* **Task statement**
Retype the lines below exactly, but only those from the line that has "Preistrend fr LC-Power LC-M27-FHD-144" through the line that has "POVPREČJE :: MS". Omit every picture.

* **Data excerpts**
· · · · · · ·

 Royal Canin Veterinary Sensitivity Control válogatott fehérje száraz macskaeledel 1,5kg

· · · · · · ·

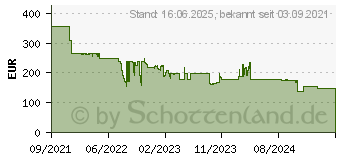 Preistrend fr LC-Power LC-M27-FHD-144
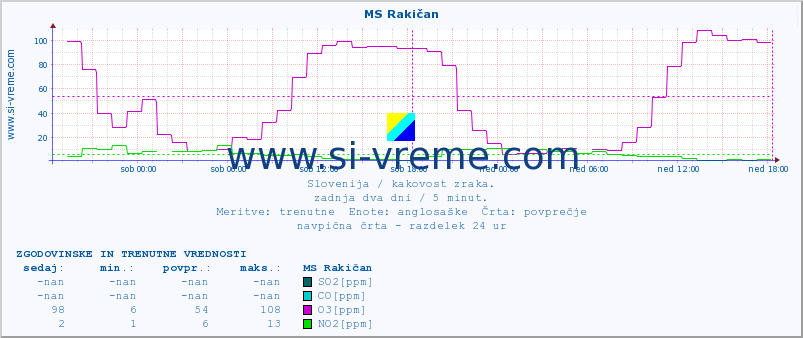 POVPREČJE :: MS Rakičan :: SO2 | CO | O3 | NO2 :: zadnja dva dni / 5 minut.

· · · · · · ·

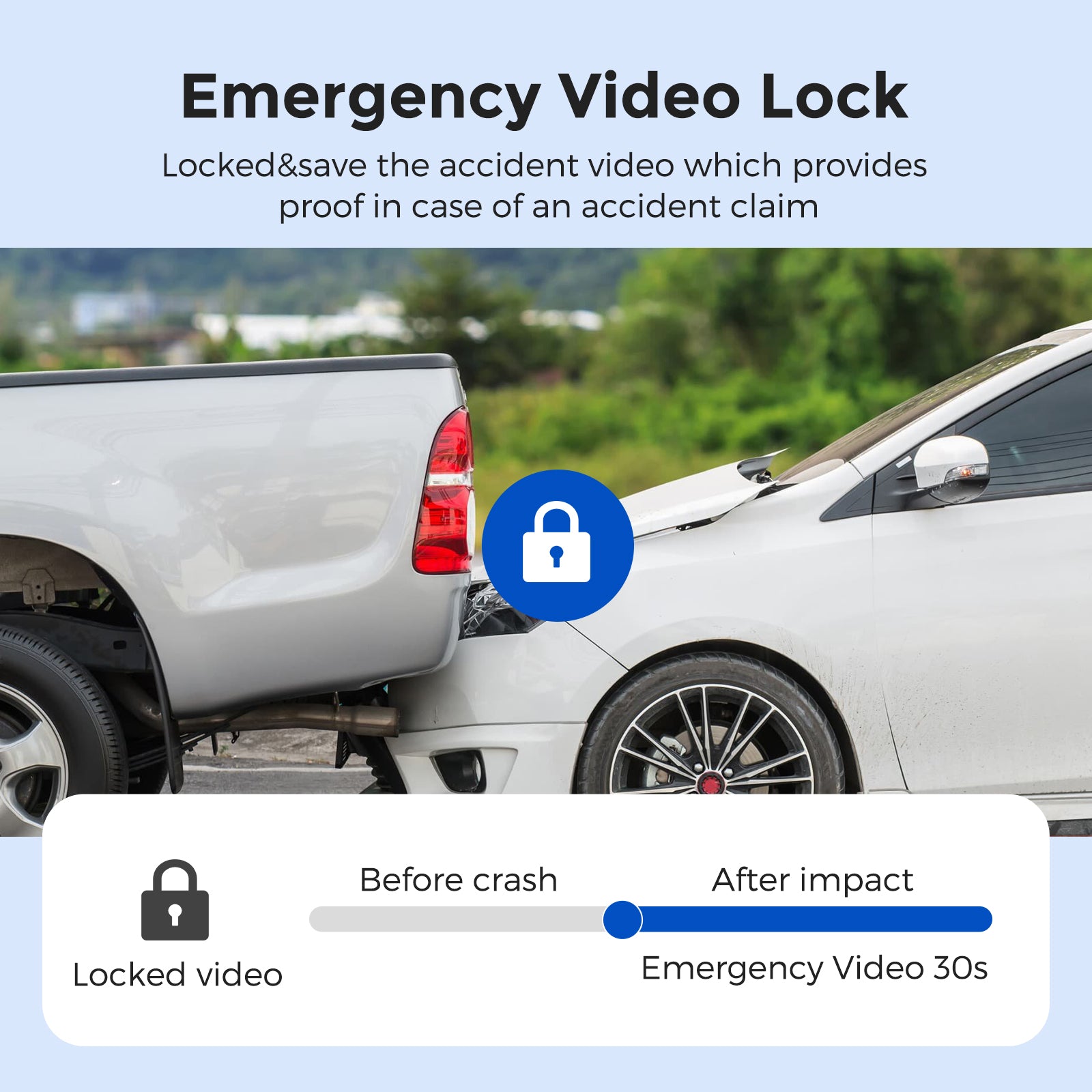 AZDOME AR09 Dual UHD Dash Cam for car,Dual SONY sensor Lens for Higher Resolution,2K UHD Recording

· · · · · · ·

* **Answer box**
 Preistrend fr LC-Power LC-M27-FHD-144
 POVPREČJE :: MS Rakičan :: SO2 | CO | O3 | NO2 :: zadnja dva dni / 5 minut.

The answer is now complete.